Using the entries below, say how many of the lines carry "Pool". Write the number alone.

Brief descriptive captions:
○ ○ ○ ○ ○ ○ ○

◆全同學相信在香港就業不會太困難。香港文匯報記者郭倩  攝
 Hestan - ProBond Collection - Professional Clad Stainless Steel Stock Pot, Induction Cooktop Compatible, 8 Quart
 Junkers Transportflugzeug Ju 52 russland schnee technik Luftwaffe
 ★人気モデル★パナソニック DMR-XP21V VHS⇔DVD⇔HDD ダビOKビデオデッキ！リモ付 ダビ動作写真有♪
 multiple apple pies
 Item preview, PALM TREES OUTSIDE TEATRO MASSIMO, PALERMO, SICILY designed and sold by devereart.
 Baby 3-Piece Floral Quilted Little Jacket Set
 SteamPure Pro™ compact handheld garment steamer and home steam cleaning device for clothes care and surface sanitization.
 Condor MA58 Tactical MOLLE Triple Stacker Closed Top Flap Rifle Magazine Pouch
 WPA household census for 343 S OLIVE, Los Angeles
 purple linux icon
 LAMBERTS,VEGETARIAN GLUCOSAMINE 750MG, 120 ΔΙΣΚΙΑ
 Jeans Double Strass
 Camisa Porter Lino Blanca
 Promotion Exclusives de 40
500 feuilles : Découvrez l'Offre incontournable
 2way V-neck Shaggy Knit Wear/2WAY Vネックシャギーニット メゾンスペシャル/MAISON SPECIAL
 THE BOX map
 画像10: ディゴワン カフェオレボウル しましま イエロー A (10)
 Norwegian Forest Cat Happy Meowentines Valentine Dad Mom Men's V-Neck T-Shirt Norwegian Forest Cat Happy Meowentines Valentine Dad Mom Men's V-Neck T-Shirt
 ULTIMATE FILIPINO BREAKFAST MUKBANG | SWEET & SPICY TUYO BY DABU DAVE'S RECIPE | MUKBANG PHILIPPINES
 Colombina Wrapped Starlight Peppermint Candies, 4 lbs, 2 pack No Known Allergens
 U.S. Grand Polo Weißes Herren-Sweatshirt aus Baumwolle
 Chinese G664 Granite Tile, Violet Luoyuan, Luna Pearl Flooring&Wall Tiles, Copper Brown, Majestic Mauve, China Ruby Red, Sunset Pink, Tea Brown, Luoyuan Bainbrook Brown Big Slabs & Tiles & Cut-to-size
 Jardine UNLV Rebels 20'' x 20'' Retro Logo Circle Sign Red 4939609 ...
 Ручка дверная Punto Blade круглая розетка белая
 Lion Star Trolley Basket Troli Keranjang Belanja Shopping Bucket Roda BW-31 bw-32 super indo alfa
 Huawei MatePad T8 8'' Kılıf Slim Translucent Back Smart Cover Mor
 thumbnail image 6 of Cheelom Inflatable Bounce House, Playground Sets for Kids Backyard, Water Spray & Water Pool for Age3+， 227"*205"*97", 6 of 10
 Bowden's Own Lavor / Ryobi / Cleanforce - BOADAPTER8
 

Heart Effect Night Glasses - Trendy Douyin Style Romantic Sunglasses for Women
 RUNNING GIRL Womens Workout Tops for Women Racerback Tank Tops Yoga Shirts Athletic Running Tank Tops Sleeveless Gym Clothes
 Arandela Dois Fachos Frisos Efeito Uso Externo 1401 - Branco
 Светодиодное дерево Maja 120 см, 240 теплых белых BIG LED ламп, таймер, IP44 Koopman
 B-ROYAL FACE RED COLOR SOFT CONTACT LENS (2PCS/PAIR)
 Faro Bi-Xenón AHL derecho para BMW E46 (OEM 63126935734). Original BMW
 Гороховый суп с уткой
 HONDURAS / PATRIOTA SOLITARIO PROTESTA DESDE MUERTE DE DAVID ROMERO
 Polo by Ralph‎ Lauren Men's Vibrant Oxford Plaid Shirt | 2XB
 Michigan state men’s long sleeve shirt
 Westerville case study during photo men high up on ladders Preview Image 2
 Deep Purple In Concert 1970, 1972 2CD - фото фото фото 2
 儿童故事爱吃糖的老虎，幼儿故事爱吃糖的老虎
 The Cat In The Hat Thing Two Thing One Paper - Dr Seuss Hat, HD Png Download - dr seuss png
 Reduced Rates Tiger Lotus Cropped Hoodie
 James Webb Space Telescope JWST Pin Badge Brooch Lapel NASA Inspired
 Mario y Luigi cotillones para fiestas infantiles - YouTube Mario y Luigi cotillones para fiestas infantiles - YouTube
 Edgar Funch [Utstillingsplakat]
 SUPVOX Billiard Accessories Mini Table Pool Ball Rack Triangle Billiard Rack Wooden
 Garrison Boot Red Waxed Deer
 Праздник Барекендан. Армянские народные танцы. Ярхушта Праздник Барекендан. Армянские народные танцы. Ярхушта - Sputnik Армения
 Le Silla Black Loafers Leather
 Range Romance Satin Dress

○ ○ ○ ○ ○ ○ ○

-- TASK ANSWER --
2